Alex Alves Egido é professor adjunto na Universidade Federal do Maranhão (UFMA). Doutor em Estudos da Linguagem, pela Universidade Estadual de Londrina (UEL), com período sanduíche na Michigan State University (MSU). Alex Egido esteve presente no III Integra PLE (6 e 7 de julho), quando proferiu palestra intitulada “Entre chamas e formulários, escolhemos nos envolver: uma conversa sobre ética em pesquisa”. Aproveitando sua presença no evento promovido pelo Programa de Pós-graduação em Letras, o professor concedeu entrevista a um trio de alunas do curso da graduação em Letras da UEM.

por Barbara Hoffmann, Estéfani Ferreira, Isadora Zubioli

O Consoante: Queremos agradecer, primeiramente, pela palestra proferida e gostaríamos que você contasse um pouco sobre a sua trajetória acadêmica e o que te levou a esse interesse pelos estudos da ética em pesquisa?

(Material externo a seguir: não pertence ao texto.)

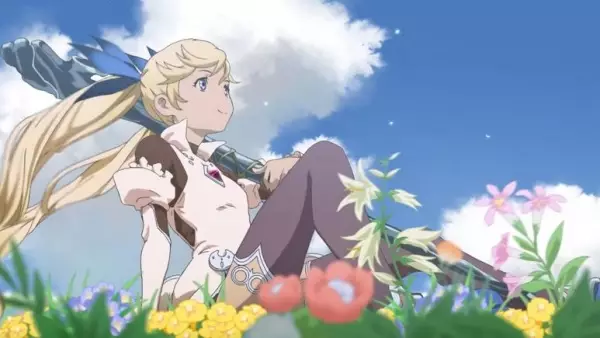 Poster Anime: Granblue Fantasy CMs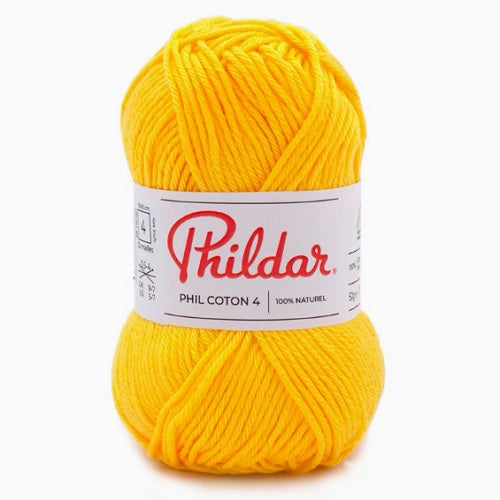 Phil coton 4 - Phildar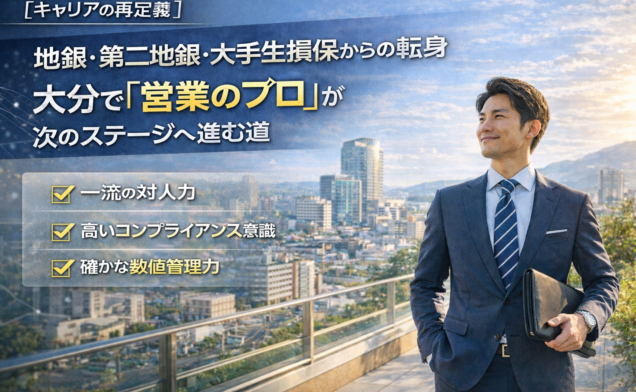 【大分de転職：ショートブログvol.16】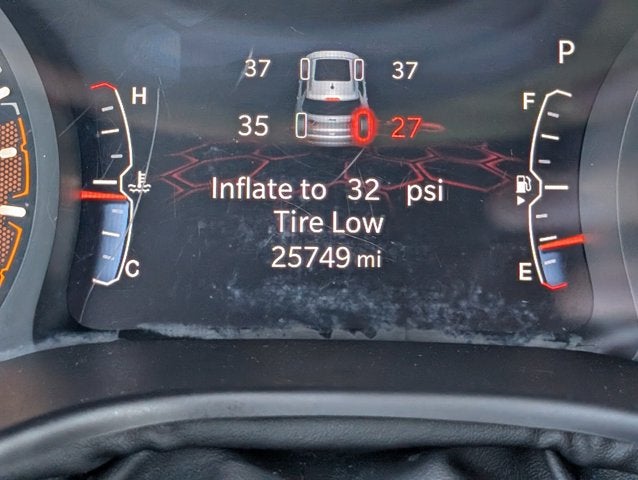2023 Jeep Compass Altitude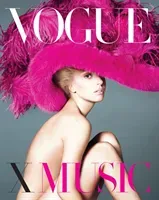 Vogue X Music (Vogue Magazine)(Pevná vazba)
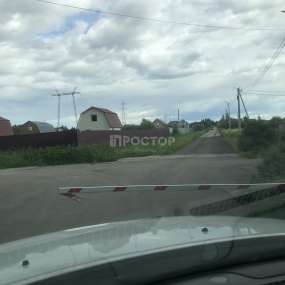 Фото участка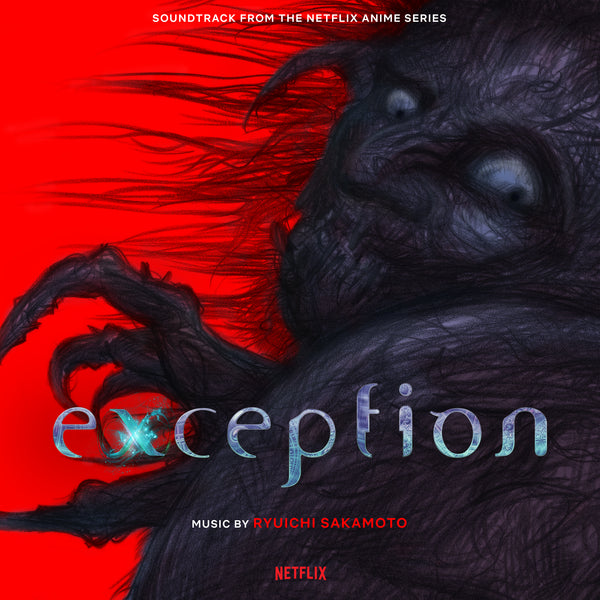 Ryuichi Sakamoto - Exception (Soundtrack From The Netflix Anime Series) |-
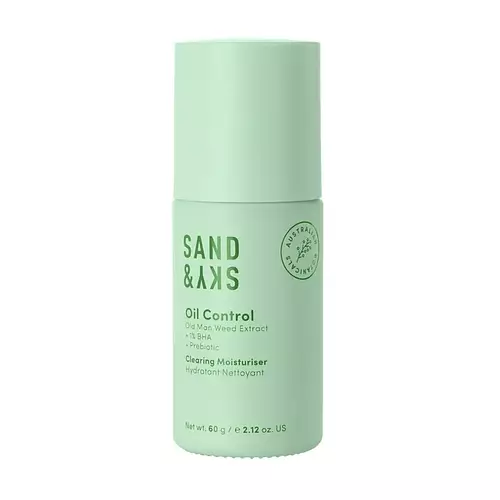 Sand and Sky Oil Control Clearing Moisturiser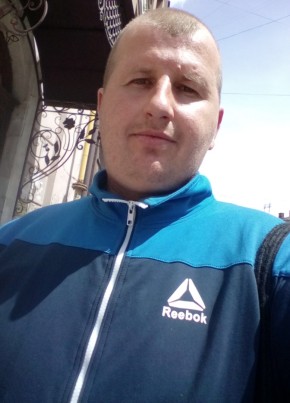 Andrey, 41, Україна, Івано-Франківськ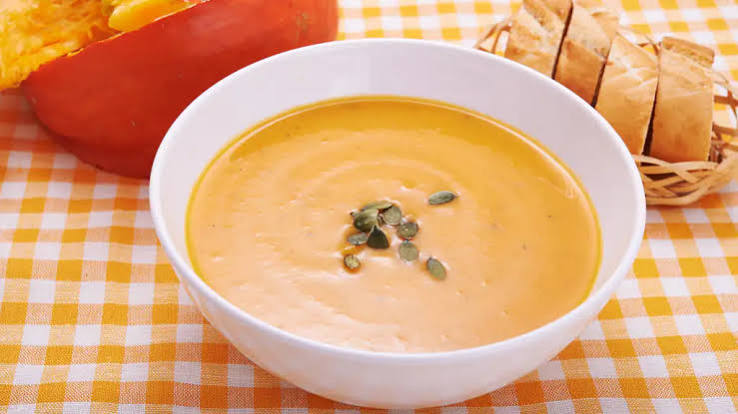 Pumpkin Soup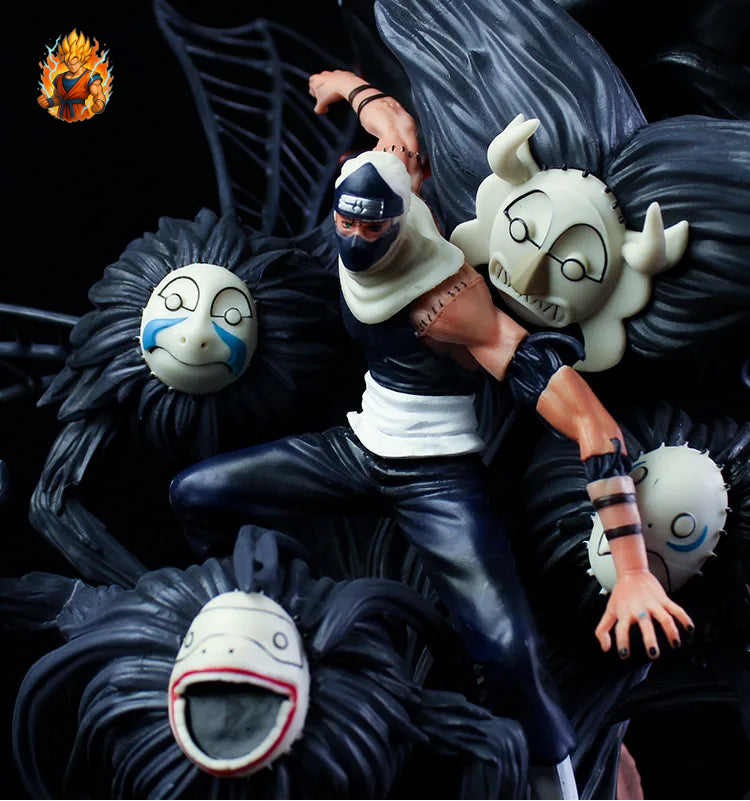 Figurine Kakuzu Akastuki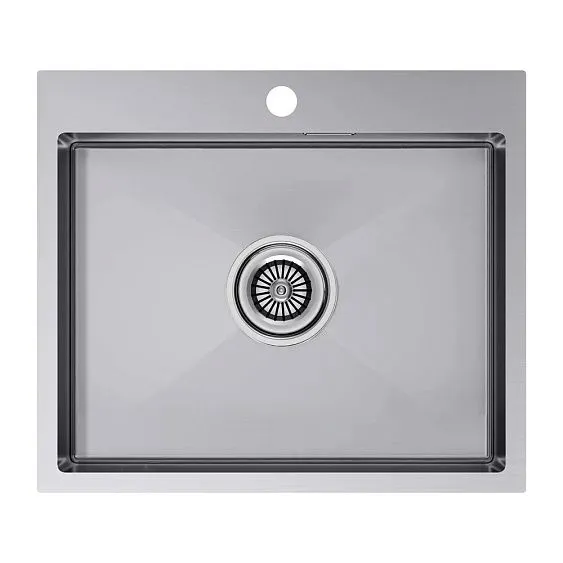 Кухонная мойка PAULMARK Kroner PM215951-BS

Alex Egido: Diria que muitas das nossas escolhas dentro da universidade, da nossa trajetória acadêmica, são construídas a partir das relações que nós temos. Então, eu diria que esse meu interesse inicial, já no primeiro ano da graduação, há quase uma década, sobre ética, diz muito sobre as relações que eu tive naquele momento com a minha orientadora de Iniciação Científica, já no primeiro semestre da graduação, a professora Simone Reis. Atrelo muito essa escolha à temática da ética logo nesse início a ela. Eu me lembro da nossa primeira conversa, e ela disse assim “Olha, talvez a ética seja um tema interessante para você, se você quiser amadurecer a ideia”. E na época, eu dizia: “Mas eu nunca vi nada sobre isso”, e aí ela disse: “Mas você pode ser conhecido só por essa temática, se você pesquisar ela em toda a sua trajetória acadêmica”, e veja, cá estamos nós, eu sendo entrevistado justamente sobre ética em pesquisa. Meu mestrado, meu doutorado e minhas iniciações científicas, as pesquisas que eu oriento, todas voltadas para a ética em pesquisa ou sobre o ensino e aprendizagem de línguas.

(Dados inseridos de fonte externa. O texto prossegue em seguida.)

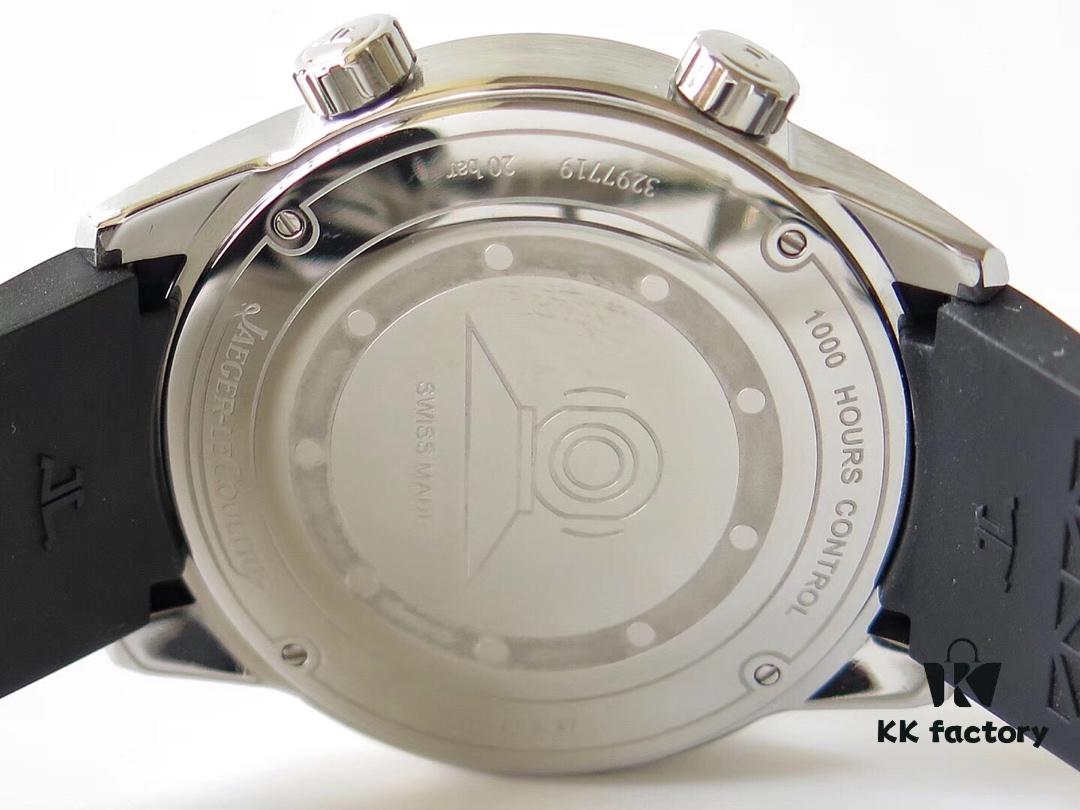 Jaeger LeCoultre Master Grande Tradition Calendar Watch – A ZF City Masterpiece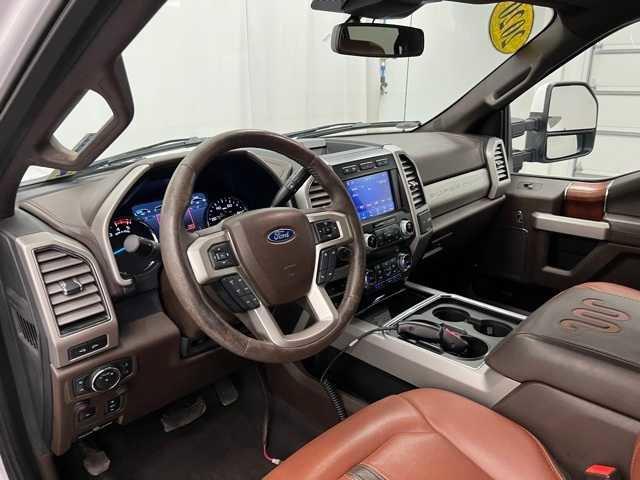 used 2020 Ford F-250 car, priced at $53,400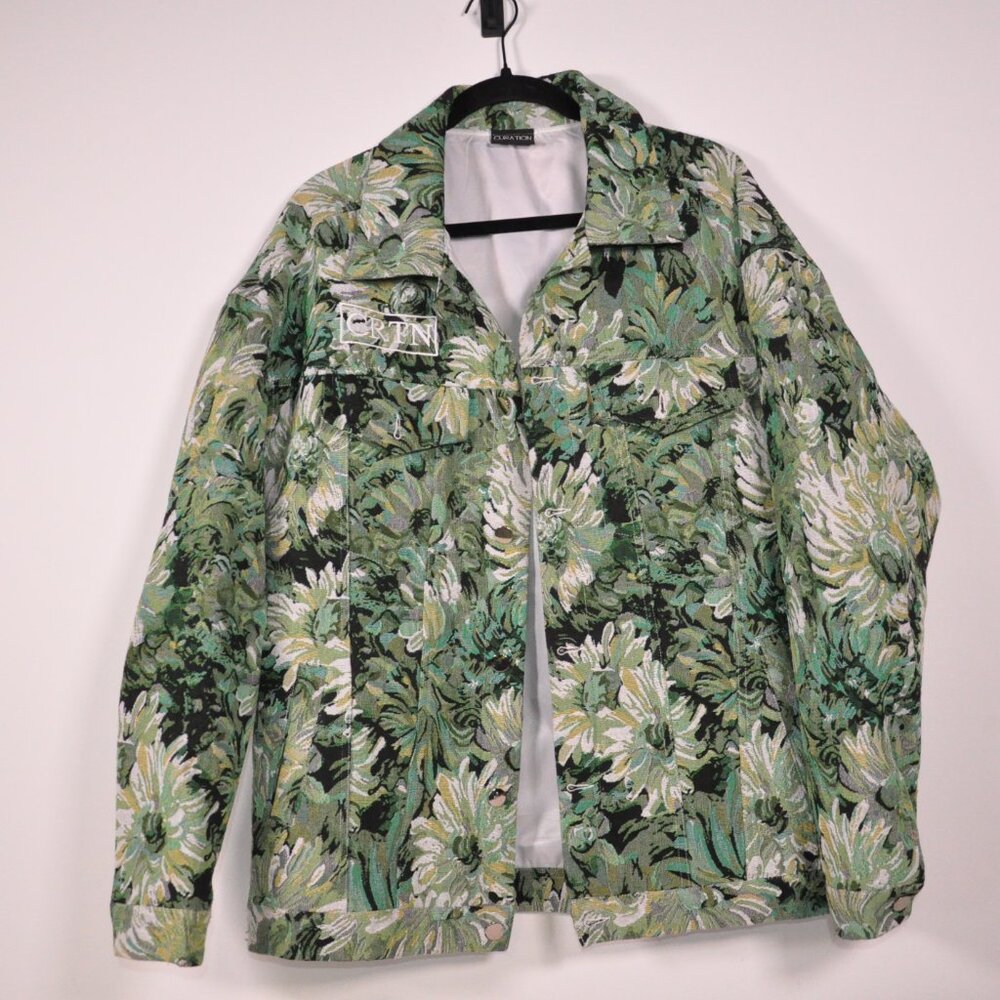 Curation Bloom Jacket - Picture 7 of 7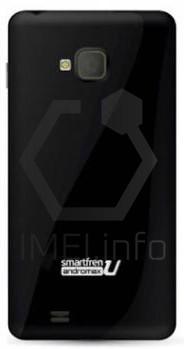 Verificação do IMEI SMARTFREN I6C Andromax U LE em imei.info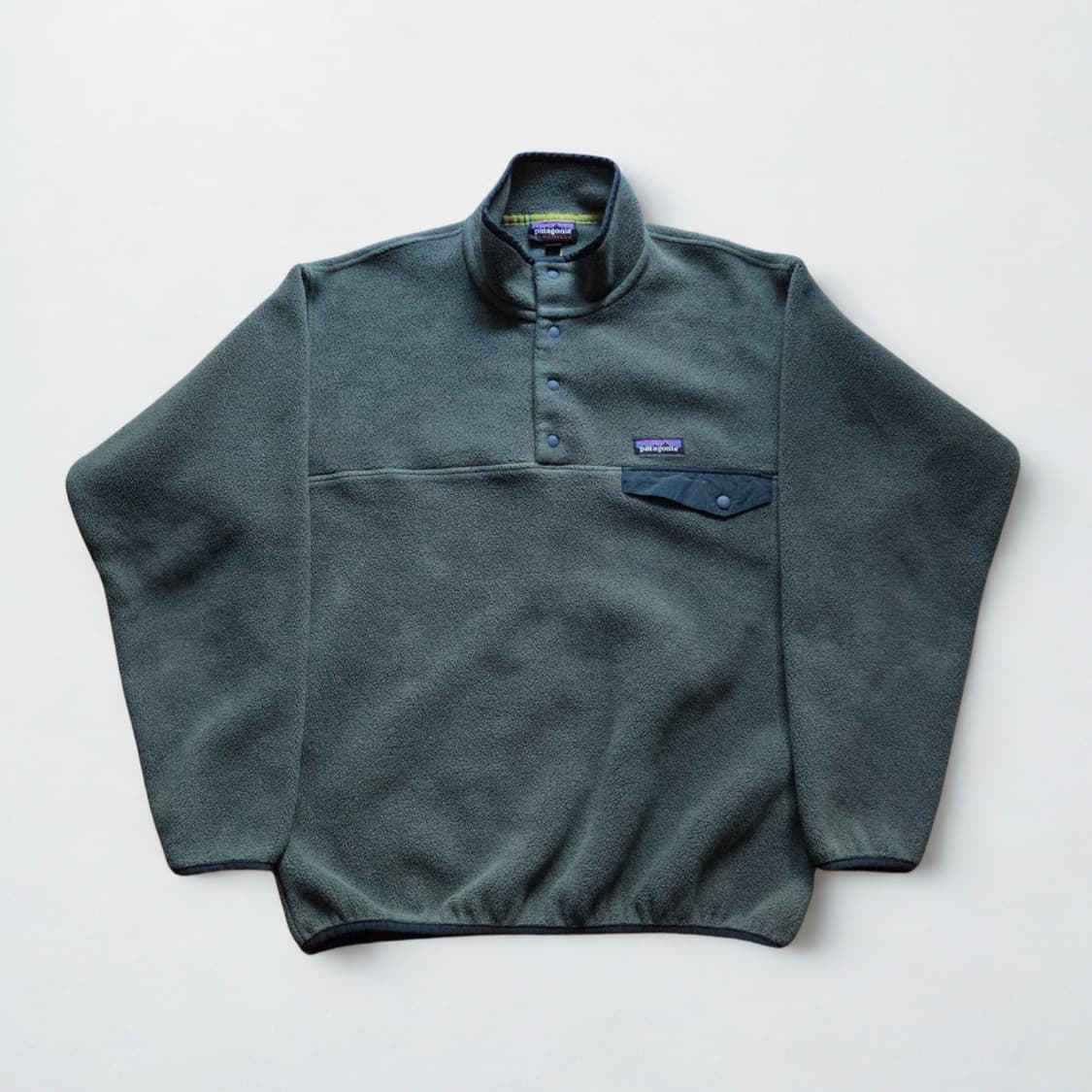 (M)파타고니아 다크올리브 신칠라 상품이미지1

OC: Até que momento é adequado esse trabalho na relação pesquisador-participante, sem perder o caráter de distanciamento do pesquisador, da não subjetividade?

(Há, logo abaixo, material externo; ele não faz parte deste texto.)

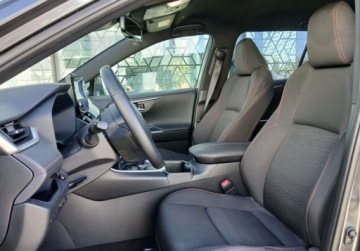 Toyota RAV4 V SUV Plug-In Facelifting 2.5 Hybrid Dynamic Force 306KM 2024 Toyota RAV4 RAV4 2.5 306KM FV23 Plug-In Dynamic 4x4 Salon PL, zdjęcie 5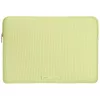 Uniq Cyprus Ridge Edition Laptop táska / tok, vízálló neoprénből, limezöld
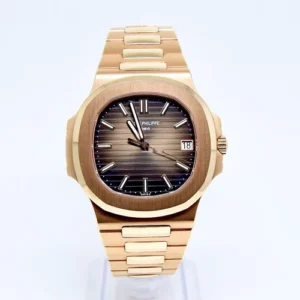 Patek Philippe Nautilus 5711/1R-001 Box and Papers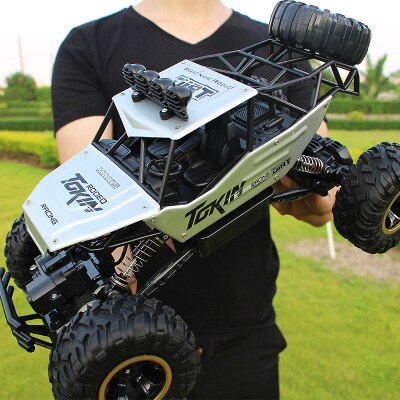 1 16 1 12 RC Car 4WD Climbing Car 4x4 Double Motors Drive Bigfoot Remote Control Car Model Off-Road Vehicle Dirt Cars Boys Kids Hot on Sale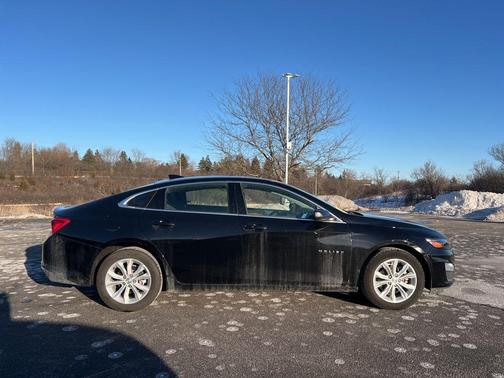 2025 Chevrolet Malibu FWD 1LT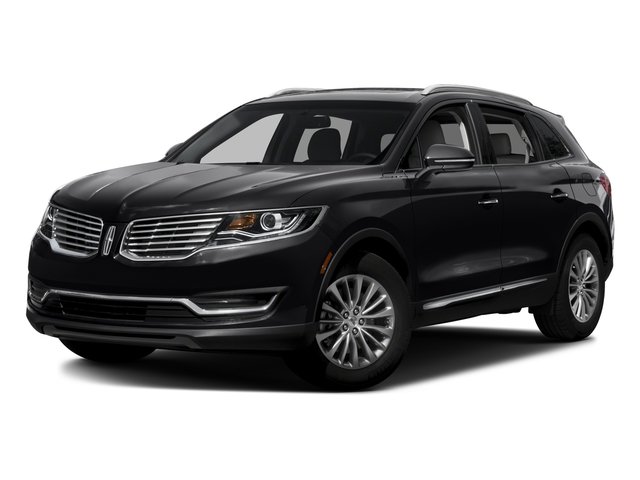 2017 Lincoln MKX Reserve AWD's photo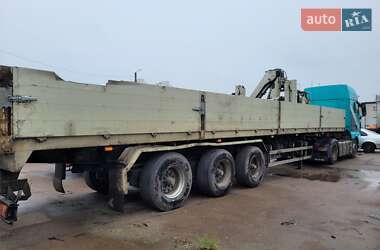 Кран-маніпулятор HIAB R165 1993 в 
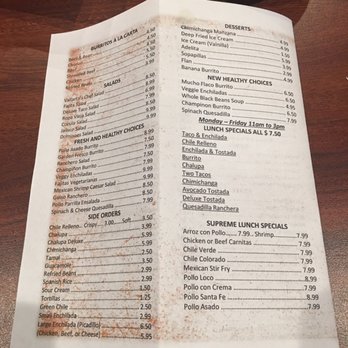 Los Agaves Bar And Grill - Take out menu - Mexican Near Me - Hugoton, Kansas Los Agaves Bar And Grill - Take out menu - Mexican Near Me - Hugoton, Kansas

AE: Acho que quando pensamos na relação pesquisador-participantes, nós temos uma força motriz muito grande, que vem de áreas de conhecimento que são tidas como duras, como as Ciências Exatas e Ciências Biológicas, que nos dizem há centenas de anos que essa relação pesquisador-participante tem que ser uma relação distante, que não podemos nos envolver muito, que eles podem “contaminar” nossos dados, isso com muitas aspas. Eu já parto de uma visão de pesquisa em que pesquisar e viver são sinônimos de se envolver. Dessa forma, eu acho que a gente não tem que ficar distante do participante. E essa subjetividade que muitos pesquisadores dizem conseguir apagar por ficarem distantes de seus participantes é mito. A gente não consegue não ser quem nós somos só porque estamos fazendo uma pesquisa. A nossa empatia, a nossa relação com o outro impacta quando nós escrevemos nossos textos, impacta o que vamos olhar nos dados. Assim, eu diria que eu não compartilho muito de uma visão de pesquisa distante, de “Ai, eu não posso me envolver com aquela pessoa porque eu sou o participante, e ela é o pesquisador”. Muito pelo contrário, o participante tem que se sentir extremamente confortável em fazer parte dos nossos estudos, para querer repetir essas experiências. Se for uma relação distante, ele não vai se lembrar de nós. Logo, essa relação tem que ser muito mais íntima do que dita neutra. E aí, lembremos: “Neutro não é nem detergente”.

OC: Existe algum movimento para a mudança de certos critérios utilizados pelos comitês de ética para pesquisas na área de Ciências Humanas e Sociais no Brasil, levando a um olhar mais humano? Se sim, acredita que tenha tido algum avanço nesse processo?

AE: Nós temos visto algumas mudanças. Por exemplo, o comitê de ética e toda a sua institucionalização já datam de algumas décadas no Brasil. Desde o final de 1988, início da década de 1990, nós já temos resoluções voltadas ao comitê de ética, mas uma ação em específico, pensando em um comitê de ética para as Ciências Humanas, é uma resolução, por exemplo, de 2015. Eu vejo que nós tivemos aí mais de uma década de existência dos comitês sem nenhum movimento – amplamente divulgado – para olhar para as pesquisas das Ciências Humanas e Sociais. Agora, nós estamos tendo uma consulta pública também, um movimento para tentar fazer mais uma atualização. Contudo, pela minha experiência, tenho o entendimento que as mudanças do sistema nunca acompanham a vida social. Eu sempre olho para os comitês de ética como atrasados. Veja nossa discussão aqui durante a palestra há pouco. O comitê de ética, institucionalmente, não consegue capturar isso ainda. E isso, a gente pode tomar o mesmo para as universidades, onde, muitas vezes, as pessoas veem o descompasso entre o que acontece na sala de aula e como se torna um professor, porque as instituições demoram para se atualizar, por “n” fatores burocráticos. Então, eu entendo o porquê da morosidade, embora eu a questione muito. 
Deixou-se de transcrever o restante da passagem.